▸ Task to carry out
In the entries below, find the line with "Państwowy bank uruchamia" and the line with "Pantai di Pacitan"; copy them and every line between them exactly, but not the pictures.

▸ Supplied entries
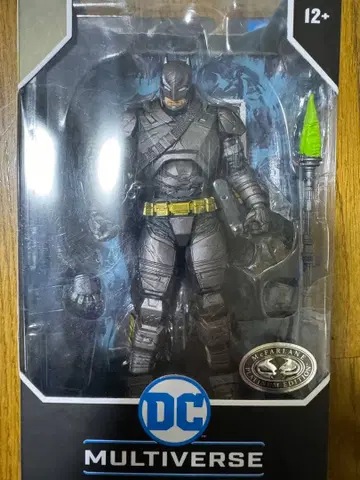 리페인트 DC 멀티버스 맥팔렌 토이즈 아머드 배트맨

==

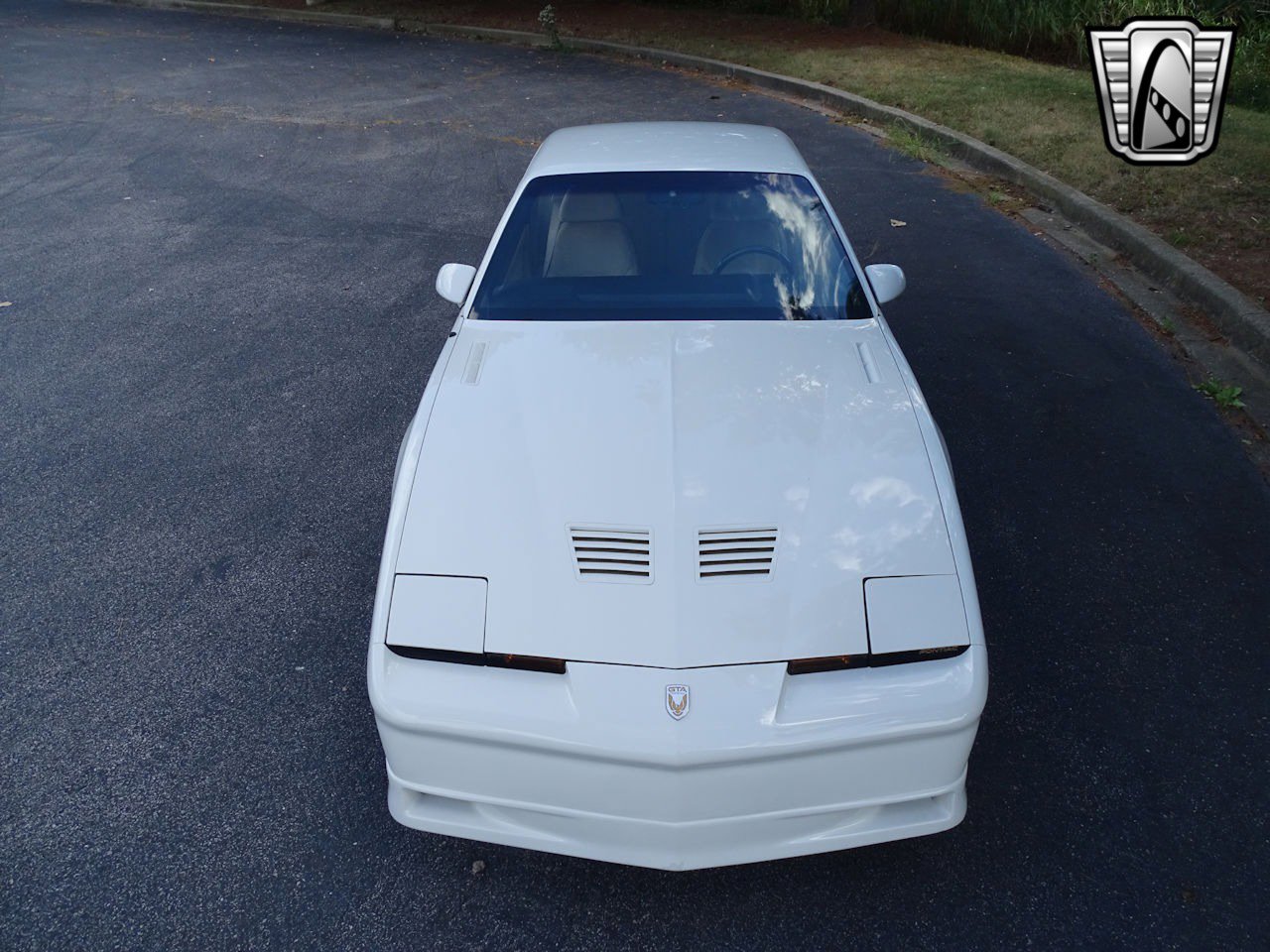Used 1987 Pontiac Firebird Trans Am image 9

==

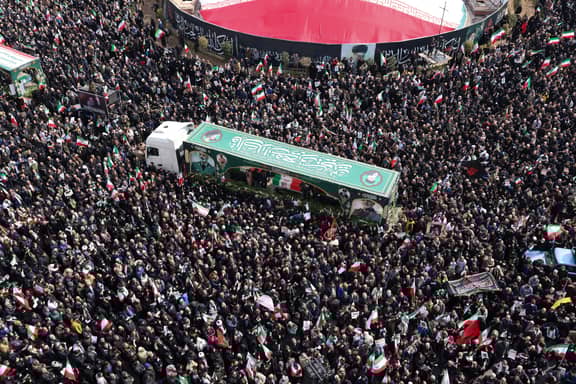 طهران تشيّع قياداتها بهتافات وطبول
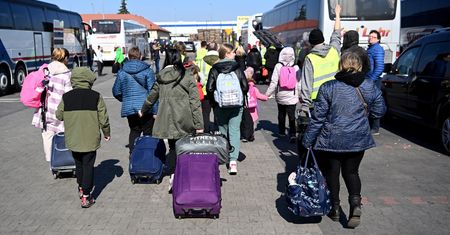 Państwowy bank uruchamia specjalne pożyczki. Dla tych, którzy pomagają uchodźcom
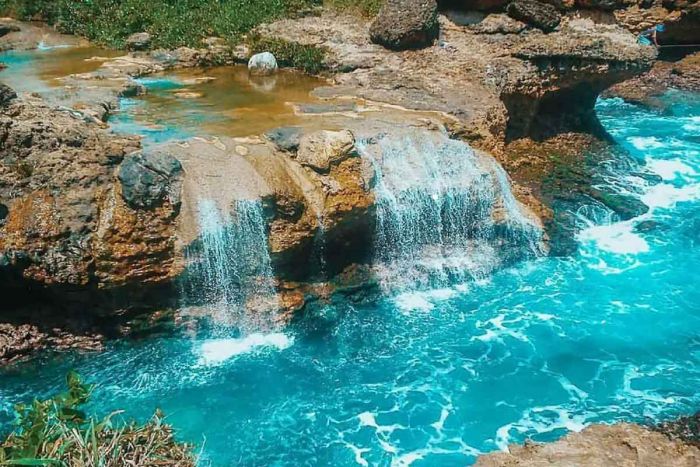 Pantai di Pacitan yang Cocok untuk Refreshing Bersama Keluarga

▸ Written response
 Państwowy bank uruchamia specjalne pożyczki. Dla tych, którzy pomagają uchodźcom
 Pantai di Pacitan yang Cocok untuk Refreshing Bersama Keluarga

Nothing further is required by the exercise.